Children infected with HIV who have delayed cART have neuropsychological (NP) deficits compared with children who initiate cART soon after birth.1,2 Children enrolled in the PREDICT study of immediate versus deferred cART at a median age of 7 years had significantly lower indices of NP functioning than HIV-exposed but uninfected (HEU) children and HIV-unexposed, uninfected (HUU) children, and NP symptoms persisted in the early ART group despite long-term viral suppression.2 Even children from PREDICT with long-term nonprogressive HIV who maintained CD4 T-cell counts >350 cells/mm3 and plasma viral loads <10,000 copies/mL had cognitive deficits and emotional difficulties.3 By contrast, 5-year follow-up of PHIV children enrolled in the CHER study identified some improvement in neurodevelopmental outcomes when cART was initiated within 2 years after birth.4 Together, these studies suggest that children infected with HIV are at risk of delayed or atypical neurodevelopment independent of treatment history.

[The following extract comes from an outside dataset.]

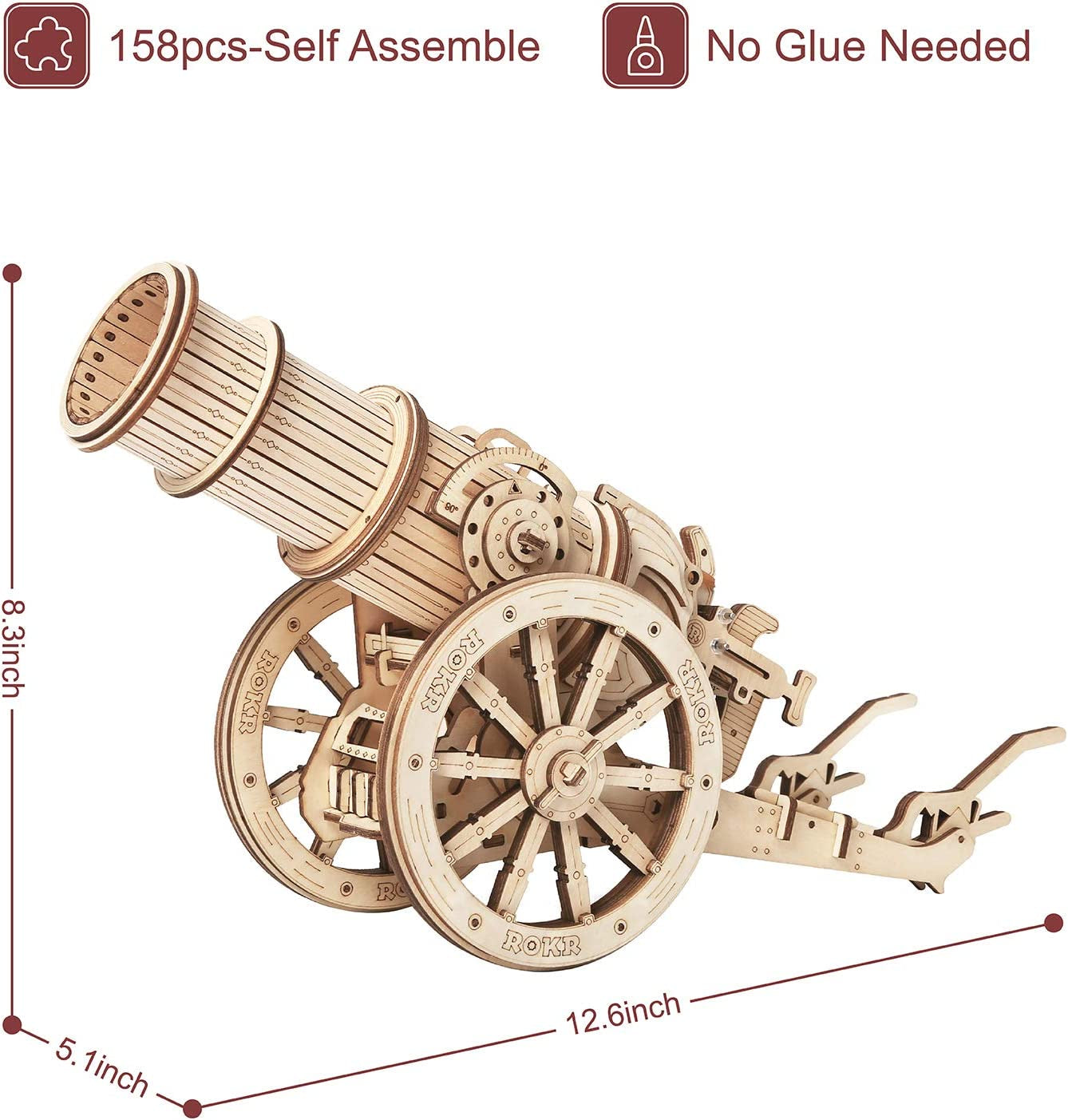 3D Wooden Puzzle Medieval Cannon Model Kits Building Set Gifts for Adults&Teens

Thailand and Cambodia were among the first Asian countries where HIV spread among unborn children; approximately 14,800 children and youth aged 19 years and older were living with HIV in 2017.5 Both countries now provide free ART as part of their national program. Unfortunately, little is known about the long-term neurocognitive outcomes among Asian youth who started treatment at variable thresholds of immune compromise when they were younger, given that this cohort is only now reaching older ages in large enough numbers to be studied. Our aim in this article is to compare cognitive and behavioral functioning in a cohort of Thai and Cambodian adolescents who initiated ART during childhood and a group of HEU and HUU youth who served as comparison groups, using a longitudinal design. Identification of risk in cognitive, executive function, or behavioral development among Asian youth with PHIV could be critical to informing efforts to support these youth during their adolescence and transition to adulthood when neurocognitive skills, particularly executive function, play an important role.
METHODS
The Resilience Study enrolled participants from the PREDICT and PREDICT neurodevelopment substudy, which originally enrolled children from 7 sites in Thailand and 2 sites in Cambodia (Fig. 1fig1).2 PHIV and age-/sex-matched HEU and HUU youth, aged 10–24 years, were re-enrolled. Newly identified HEU (n = 40) and HUU (n = 22) youth were recruited to replace healthy youth previously lost to follow-up. The study was approved by the institutional review boards from each site. Written informed consent was obtained from caregivers and youth aged 18 years and older; assent was obtained from all youth younger than 18 years.
Figure 1.
PREDICT, PREDICT Cohort, and RESILIENCE Study flow diagram. ART, antiretroviral therapy. Percentages in square brackets represent the percent of original PREDICT participants subsequently re-enrolled into PREDICT and RESILIENCE Cohorts.
Study Testing Procedures
Youth were assessed at enrollment and then yearly (±3 months) for 3 years. Physical and neurological examinations were performed at each visit. NP testing procedures (detailed below) were chosen to maximize sensitivity to previously identified HIV effects, while preserving high internal and cross-cultural validity. All NP tests were conducted at enrollment with executive function tests and emotional and behavioral functioning assessments repeated yearly. NP tests were administered by staff trained by US and Thai neuropsychologists, and quality assurance was conducted quarterly to reduce evaluator drift. Data accuracy was assured by cross-checking case report forms by designated study monitors.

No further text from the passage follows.